** RECORDS SHOWN **
☆ ☆ ☆ ☆

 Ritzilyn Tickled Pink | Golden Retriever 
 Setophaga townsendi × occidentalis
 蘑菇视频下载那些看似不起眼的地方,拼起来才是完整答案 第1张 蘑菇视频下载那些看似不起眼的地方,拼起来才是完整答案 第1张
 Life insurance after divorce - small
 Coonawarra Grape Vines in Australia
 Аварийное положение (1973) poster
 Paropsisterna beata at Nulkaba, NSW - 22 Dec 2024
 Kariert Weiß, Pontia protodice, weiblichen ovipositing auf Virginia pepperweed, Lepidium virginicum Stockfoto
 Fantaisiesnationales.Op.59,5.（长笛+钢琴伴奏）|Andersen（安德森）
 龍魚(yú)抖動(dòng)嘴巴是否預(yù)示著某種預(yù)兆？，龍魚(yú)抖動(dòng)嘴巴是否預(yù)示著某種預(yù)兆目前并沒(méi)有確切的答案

☆ ☆ ☆ ☆

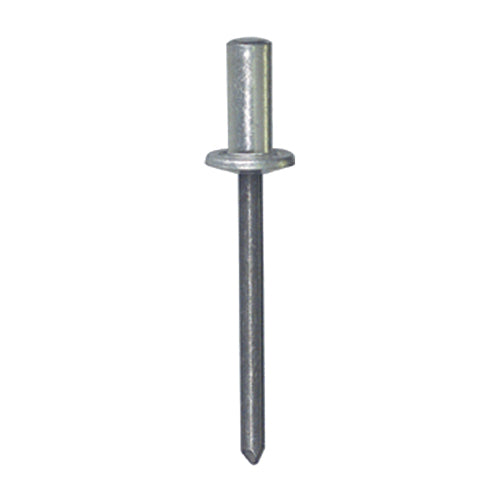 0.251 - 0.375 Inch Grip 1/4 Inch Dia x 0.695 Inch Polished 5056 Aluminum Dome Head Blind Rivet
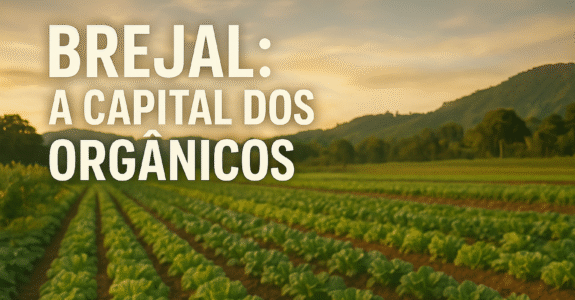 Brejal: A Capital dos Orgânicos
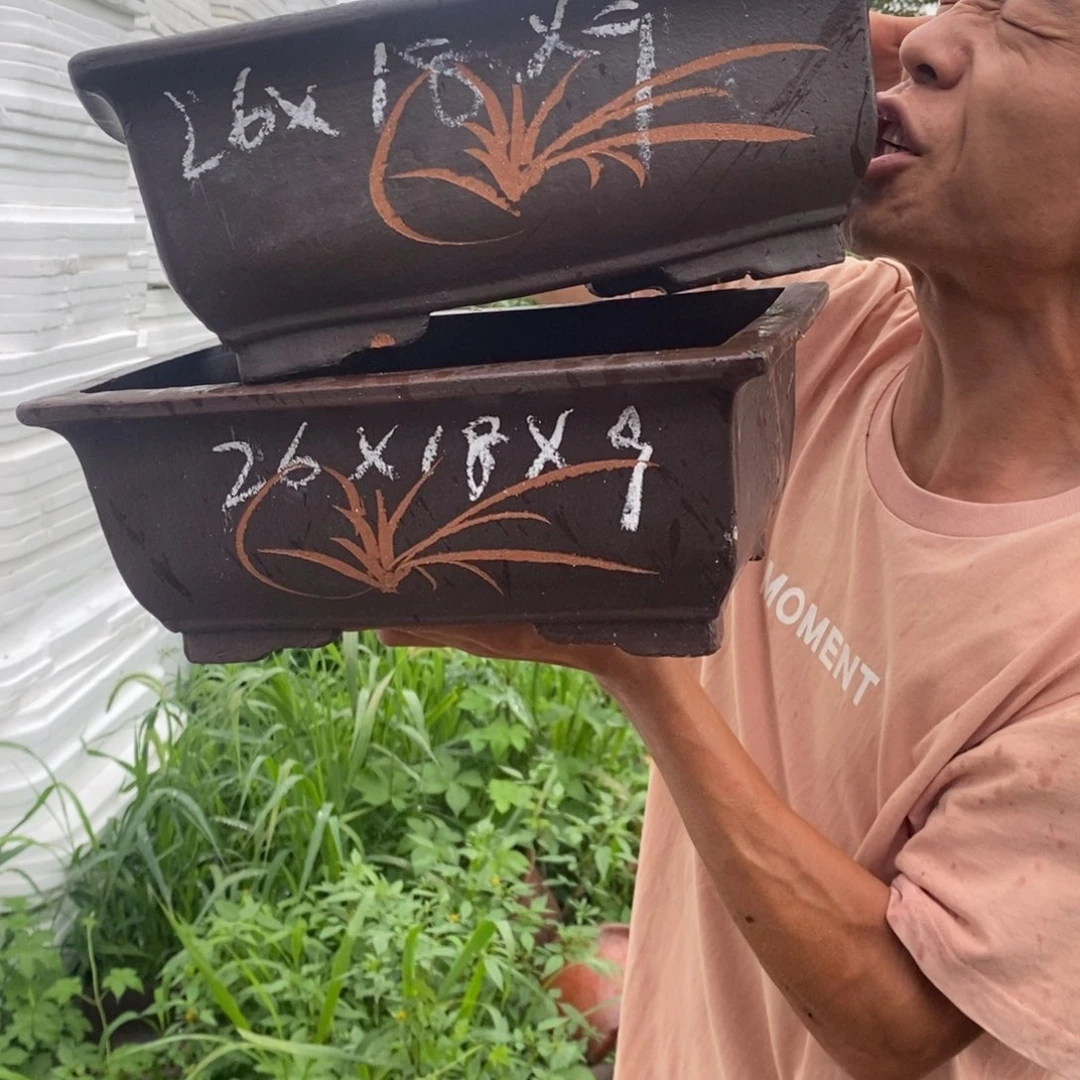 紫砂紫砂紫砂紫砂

☆ ☆ ☆ ☆

** TRY IT **
Could you reproduce, exactly, every line above from the line with "Paropsisterna beata at" to the line with "Fantaisiesnati", and no other line? Both ends count.

** RESULT FOR THIS EXERCISE **
 Paropsisterna beata at Nulkaba, NSW - 22 Dec 2024
 Kariert Weiß, Pontia protodice, weiblichen ovipositing auf Virginia pepperweed, Lepidium virginicum Stockfoto
 Fantaisiesnationales.Op.59,5.（长笛+钢琴伴奏）|Andersen（安德森）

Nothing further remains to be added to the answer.